Further research into the role of sensation and movement will help determine where, when and for whom facilitation can play a role in skill acquisition and movement retraining. We can explore how certain handling techniques might allow for improving movement performance, and how it can be combined with additional protocols such as CIMT (this is happening with more severely impaired adults and children in the US), FES, functional strengthening programs and balance re-training. If we do cross fertilize like this, I realise the intervention can no longer be called ‘Bobath’ – an issue that may well be the key challenge for Bobath as it continues to evolve. I am a strong believer in ‘cross-fertilization’ and do not see it as ‘contamination’ like so many researchers. It might sound melodramatic, but there is a bigger issue here. If we over-simplify our practice, the future of neurological physiotherapy will be threatened. Health assistants, occupational therapists and exercise physiologist will be more than happy to stick our patients on robots, FES, treadmills or bikes based on available best evidence. This is already happening believe me! Evidence and information can always be misunderstood and misused.

 

The Bobaths were ahead of their time, which means that criticism comes with the territory. They attempted to explain their observations based on very the limited neuroscientific knowledge at the time, yet were more than happy for it to evolve with the passage of time.

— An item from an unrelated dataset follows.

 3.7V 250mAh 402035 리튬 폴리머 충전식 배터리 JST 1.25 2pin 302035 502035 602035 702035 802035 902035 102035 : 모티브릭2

I agree with others that research evidence and Bobath are not incompatible, (Cott, Graham, & Brunton, 2011; Mayston, 2008) we just have a way to go. If you have been taught that Bobath is evil and outdated, perhaps you should ask yourself what motivates such extreme hatred, because the limited evidence against it just does not stack up. If you don’t know much about Bobath, I suggest you find out what all the fuss is about!

 

Cheers Bobath (and thanks)

 

James.

 

Dr James McLoughlin

BAppSc (Physio) MSc (Clinical Neuroscience), PhD  

Director JMNP Pty Ltd

Senior Lecturer, Flinders University

APA Neurological Physiotherapist

Accredited Vestibular Physiotherapist

 

Cott, C. A., Graham, J. V., & Brunton, K. (2011). When will the evidence catch up with clinical practice? Physiotherapy Canada. Physiotherapie Canada, 63(3), 387–390.

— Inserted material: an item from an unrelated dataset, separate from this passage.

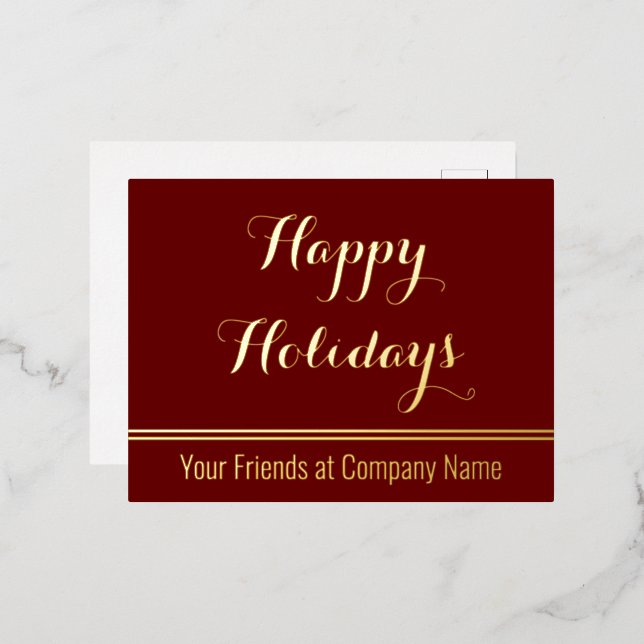 Joyeux Script de vacances du nom de l'entreprise R (Recto/Verso)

Lennon, S., & Ashburn, A. (2000). The Bobath concept in stroke rehabilitation: a focus group study of the experienced physiotherapists’ perspective. Disability and Rehabilitation, 22(15), 665–674.

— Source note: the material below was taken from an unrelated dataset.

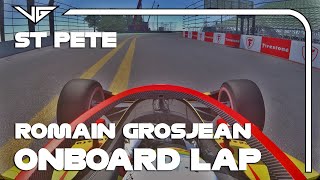 ROMAIN GROSJEAN ST PETE INDYCAR 2023 ONBOARD LAP  ASSETTO CORSA  Links in description  FREE [upl. by Elmore]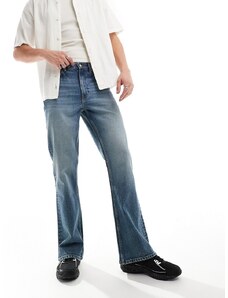 ASOS DESIGN - Jeans a zampa blu vintage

Mayston, M. (2008). Bobath Concept: Bobath@ 50: mid-life crisis—What of the future? Physiotherapy Research International: The Journal for Researchers and Clinicians in Physical Therapy, 13(3), 131–136.

Mayston, M., & Rosenbloom, L. (2014). Please proceed with caution. Developmental Medicine and Child Neurology, 56(4), 395–396.

Novak, I., McIntyre, S., Morgan, C., Campbell, L., Dark, L., Morton, N., … Goldsmith, S. (2013). A systematic review of interventions for children with cerebral palsy: state of the evidence. Developmental Medicine and Child Neurology, 55(10), 885–910.